I risultati hanno mostrato un dato piuttosto singolare. Da una parte la maggior parte degli europei, soprattutto in Danimarca, Spagna e Regno Unito, è convinta che gli alimenti cosiddetti "ibridi", ovvero ottenuti combinando proteine animali con quelle vegetali, siano migliori dal punto di vista etico, ambientale e alimentare, ovvero più sani, rispetto a quelli di derivazione esclusivamente animale. Dall'altra però il numero di persone favorevoli a questi alimenti non corrisponde a quello dei consumatori che si dicono pronti ad acquistarli. Ad esempio, il 60% degli studi sulle intenzioni di acquisto dei danesi mostra che solo un piccolo numero di consumatori sarebbe intenzionato a comprare davvero questi prodotti. Uno di questi suggeriva che solo il 46% dei danesi sarebbe disposto a farlo.
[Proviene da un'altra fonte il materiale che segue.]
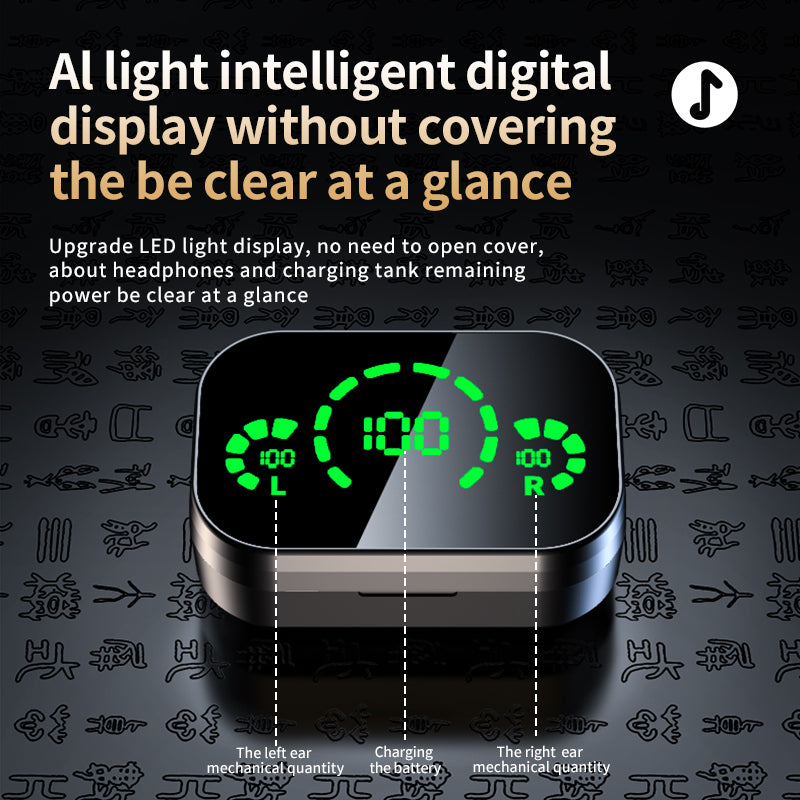 YD03 Wireless Bluetooth Headset TWS Large Screen Smart Digital Display In Ear Breathing Light Angelwarriorfitness.com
L'Italia tra i paesi più riluttanti

Lo studio ha dedicato una particolare attenzione a cercare di capire come la cultura alimentare di un certo Paese influenzi la sua predisposizione agli alimenti di nuova generazione. Questo si bede soprattutto per quanto riguarda i cibi a base di insetti.

Mentre i Paesi del Nord Europa, come Svezia e Finlandia, sono tra quelli in cui ci sono maggiori possibilità che gli insetti entrino nel mercato alimentare, in altri Paesi come Regno Unito e Spagna le persone che li acquisterebbero non superano il 18-22%. Ma è soprattutto in Italia, dove circa 200 piatti tradizionali si basano su prodotti di derivazione animale, che la cultura alimentare, tra le più forti in Europa, rende la popolazione meno disposta ad aprirsi a questi nuovi prodotti.

Meno li conosci, meno ti piacciono

Lo studio ha anche indagato le differenze tra i singoli Paesi per quanto riguarda la predisposizione a questi alimenti. Se tra quelli più favorevoli ci sono Danimarca, Germania, Spagna e Regno Unito, tra i meno pronti a mangiare alghe, proteine vegetali e insetti ci sono i paesi dell'Europa orientale, come Polonia e Repubblica Ceca. Se in Germania le persone disposte a comprare questi nuovi prodotti costituiscono il 73% della popolazione, in Polonia o Repubblica Ceca questi non superano il 24-36% dei consumatori.

Proprio i Paesi più riluttanti – spiegano gli autori – sono anche quelli che conoscono meno questi alimenti, confermando quindi il fatto che la mancanza di consapevolezza su questi prodotti sia tra i fattori che contribuiscono a renderli meno appetibili agli occhi dei consumatori.